2 Kings 25:1-2, 5-7; Lamentations 3:25-33, 55-58


Key Verse: It is good that one should wait quietly for the salvation of the Lord. – Lamentations 3:26


          Hardly a week passes that someone does not express to me their concern about the terrible conditions of our world. The media make us constantly aware of the hunger, war, immorality, suffering, crime, and injustice that exist everywhere. Awareness of it causes us to grieve.

Lamenting it seems is one of humanity’s favorite pastimes. Just today a friend said with a sigh, “Surely God will not tolerate our sinfulness much longer; America is fast becoming Sodom and Gomorrah!”

Viewing the sordid mess we are in prompts some of us to ask questions.
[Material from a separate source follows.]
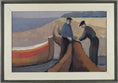 Load image into Gallery viewer, Vintage Oil Painting by Listed Artist T Anderström Sweden
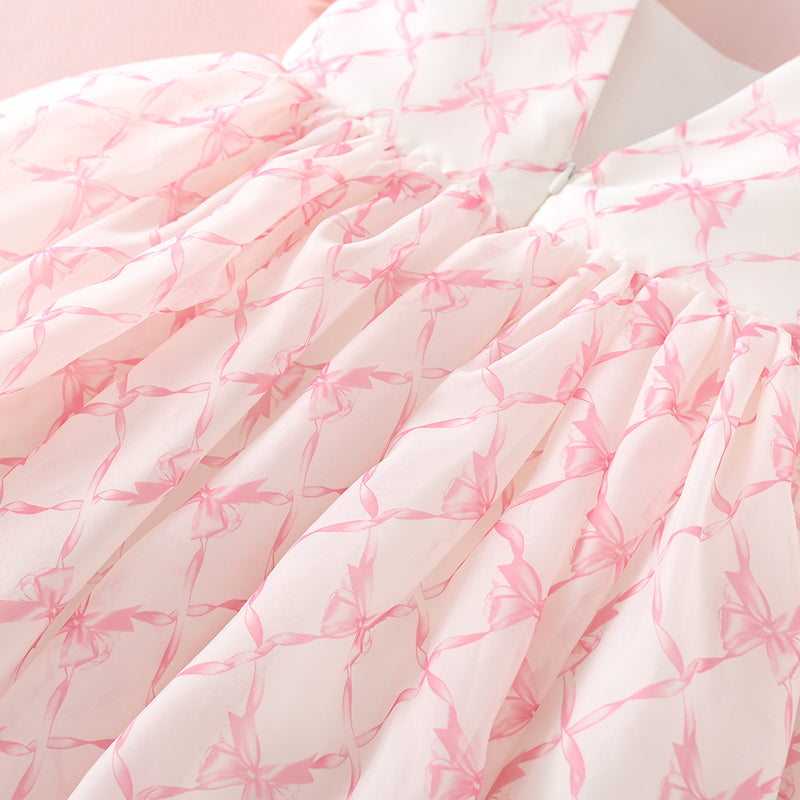 Pink Promise Party Dress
Why doesn’t God do something? If God is present, why is he silent? What should Christians do while waiting for God’s judgment to fall upon America? The Book of Lamentations can help us deal with these questions.

Lamentations is more than a book of complaints. It is a book of hope, faith, and love expressed in beautiful poetry. The author reminds us that God is in charge and that he is a God of compassion. The book encourages us to keep the faith, refuse to fear, and have confidence that in time God will act. He is not absent and he is not indifferent. Despite the way things may look to us, God is at work.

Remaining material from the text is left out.